▸ **WHAT THE EXERCISE ASKS**
Only the pictures are to be dropped, and the rest of the data should be copied exactly.

[RECORD EXCERPTS — start]

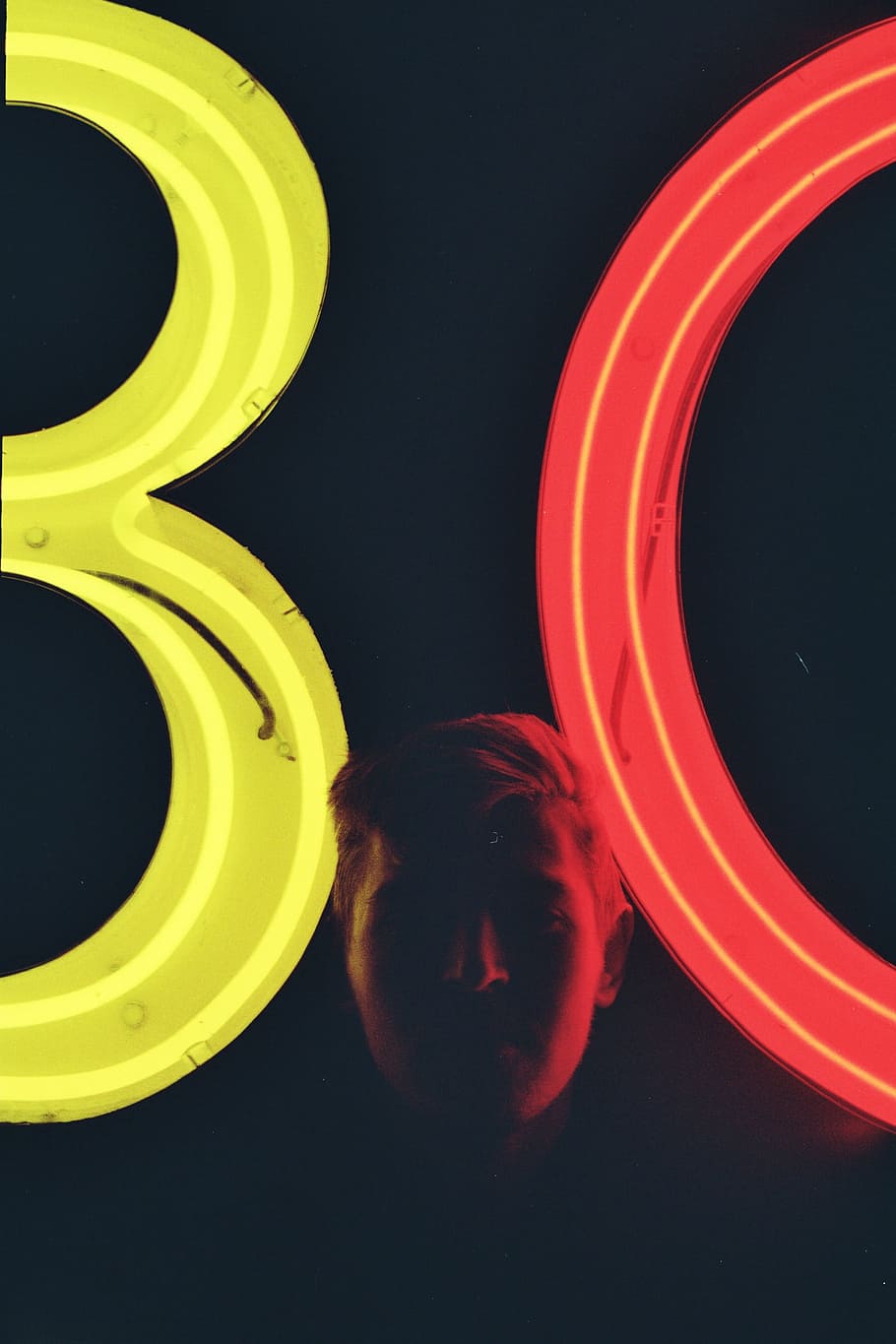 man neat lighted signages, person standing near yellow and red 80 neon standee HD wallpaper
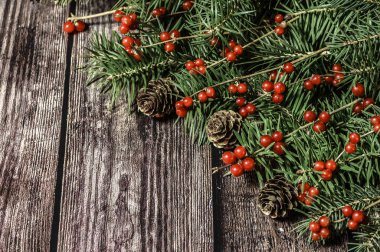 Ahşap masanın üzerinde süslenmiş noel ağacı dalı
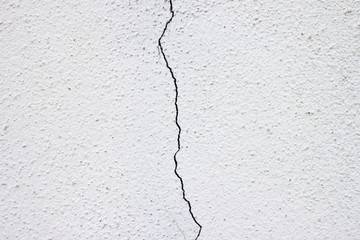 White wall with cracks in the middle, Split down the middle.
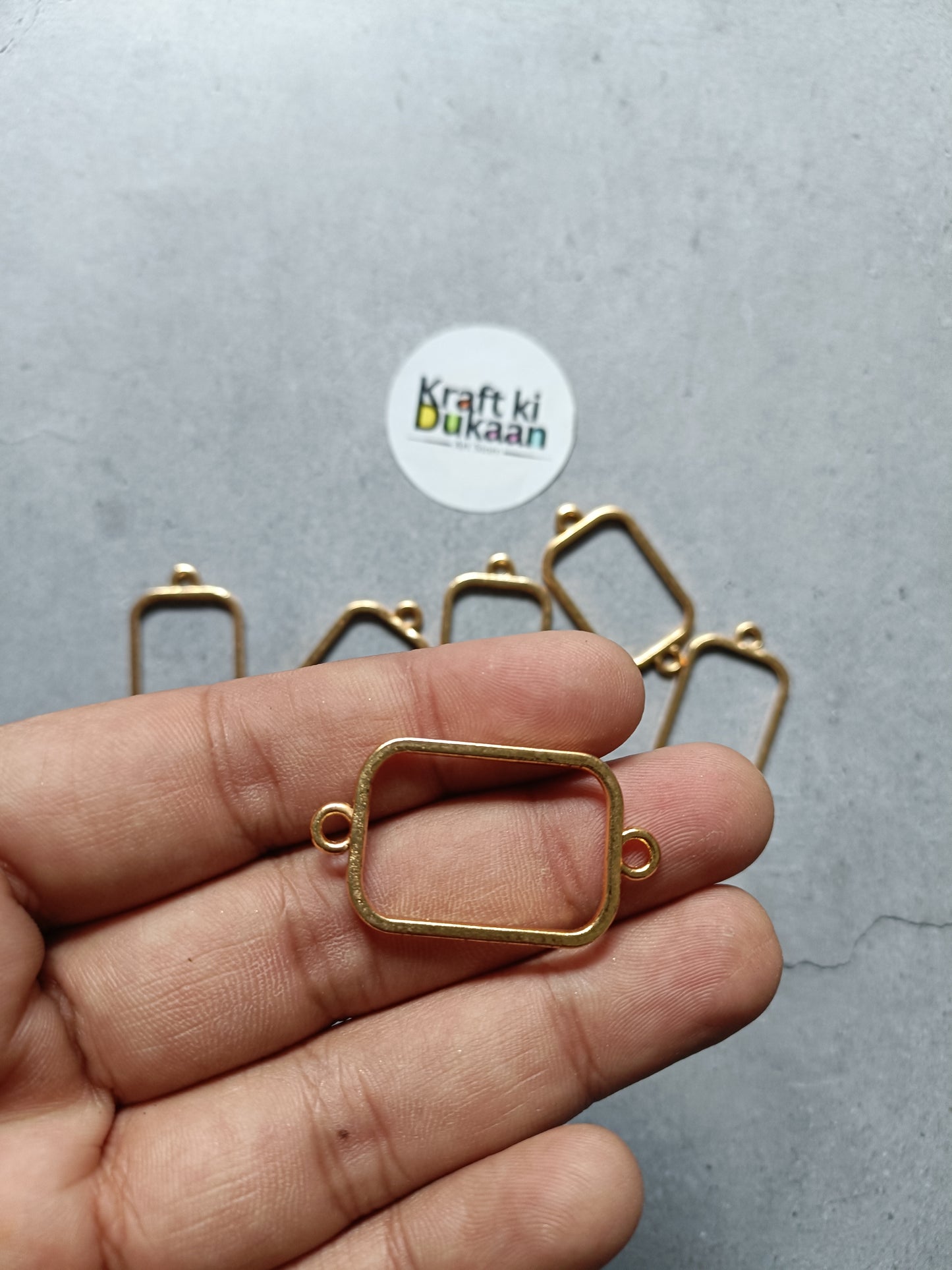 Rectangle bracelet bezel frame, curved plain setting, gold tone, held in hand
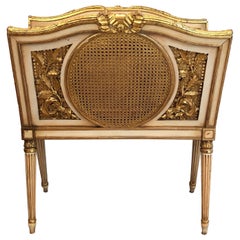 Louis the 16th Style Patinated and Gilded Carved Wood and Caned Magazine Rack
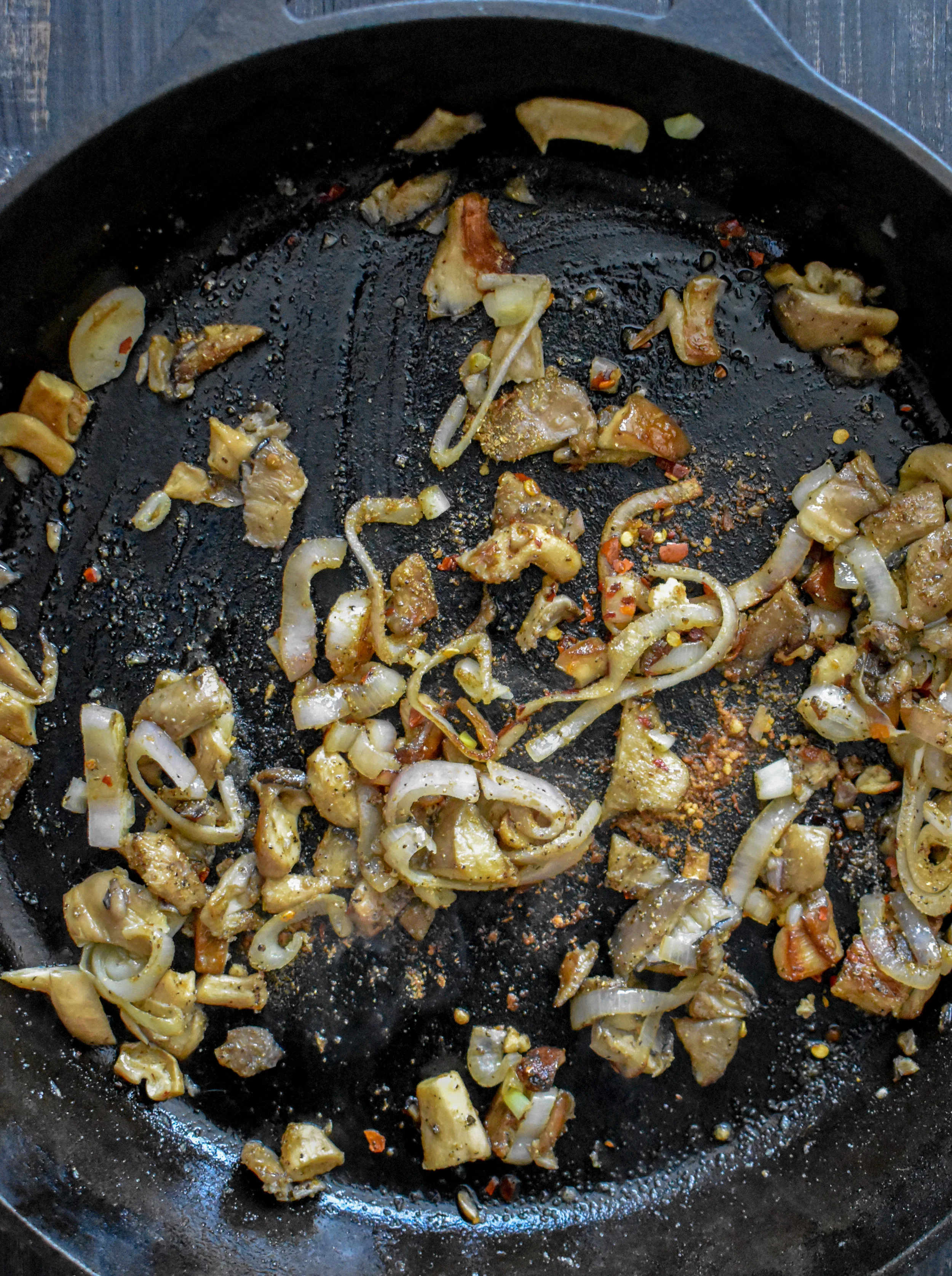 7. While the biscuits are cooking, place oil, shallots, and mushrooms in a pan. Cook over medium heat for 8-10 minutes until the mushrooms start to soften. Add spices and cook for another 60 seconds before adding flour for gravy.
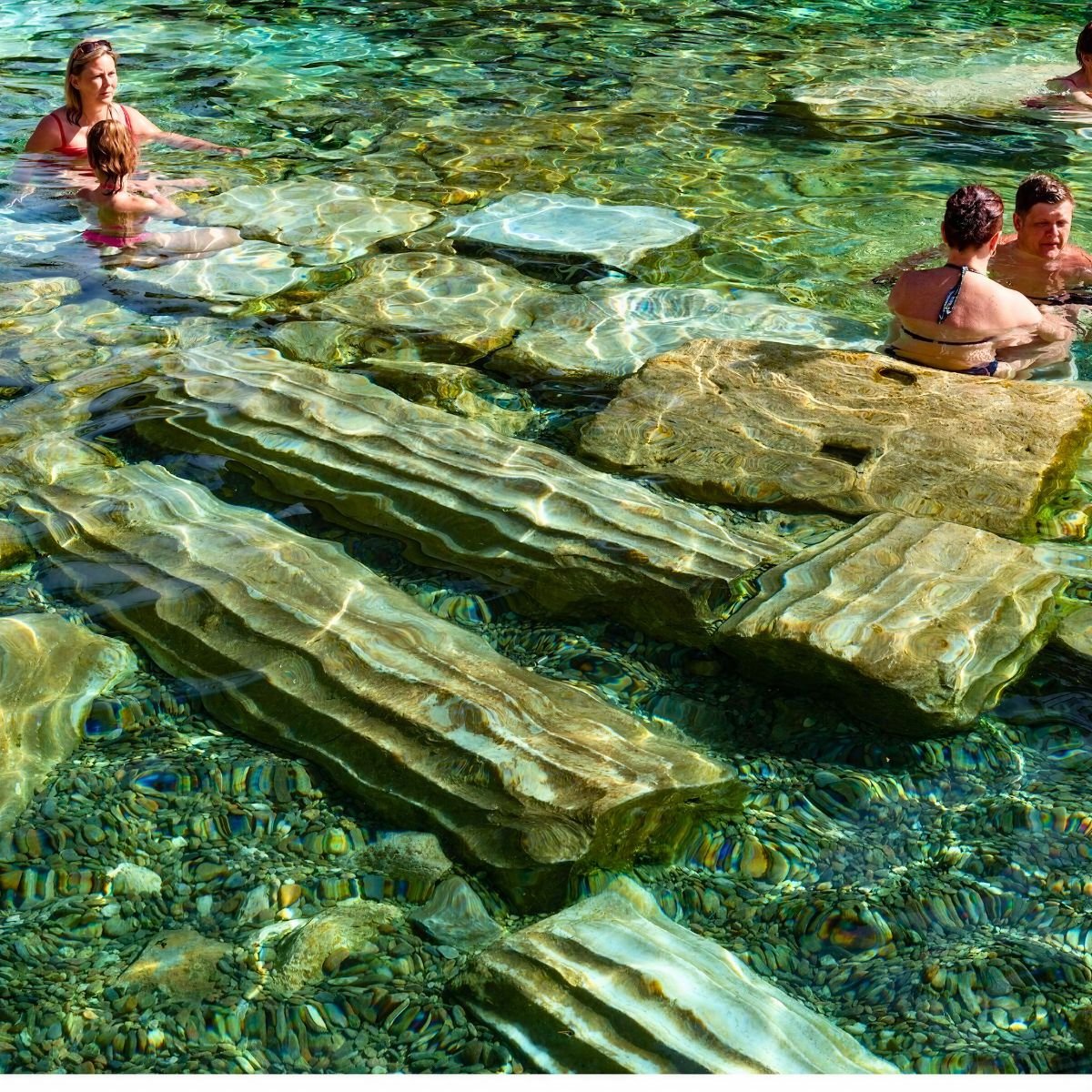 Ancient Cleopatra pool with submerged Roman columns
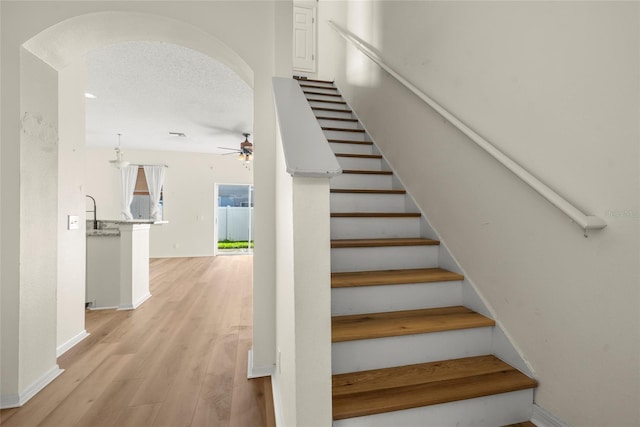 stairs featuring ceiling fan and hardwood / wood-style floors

[RECORD EXCERPTS — finish]

▸ **TASK OUTPUT**
 man neat lighted signages, person standing near yellow and red 80 neon standee HD wallpaper
 Ahşap masanın üzerinde süslenmiş noel ağacı dalı
 White wall with cracks in the middle, Split down the middle.
 Rectangle bracelet bezel frame, curved plain setting, gold tone, held in hand
 Louis the 16th Style Patinated and Gilded Carved Wood and Caned Magazine Rack
 7. While the biscuits are cooking, place oil, shallots, and mushrooms in a pan. Cook over medium heat for 8-10 minutes until the mushrooms start to soften. Add spices and cook for another 60 seconds before adding flour for gravy.
 Ancient Cleopatra pool with submerged Roman columns
 stairs featuring ceiling fan and hardwood / wood-style floors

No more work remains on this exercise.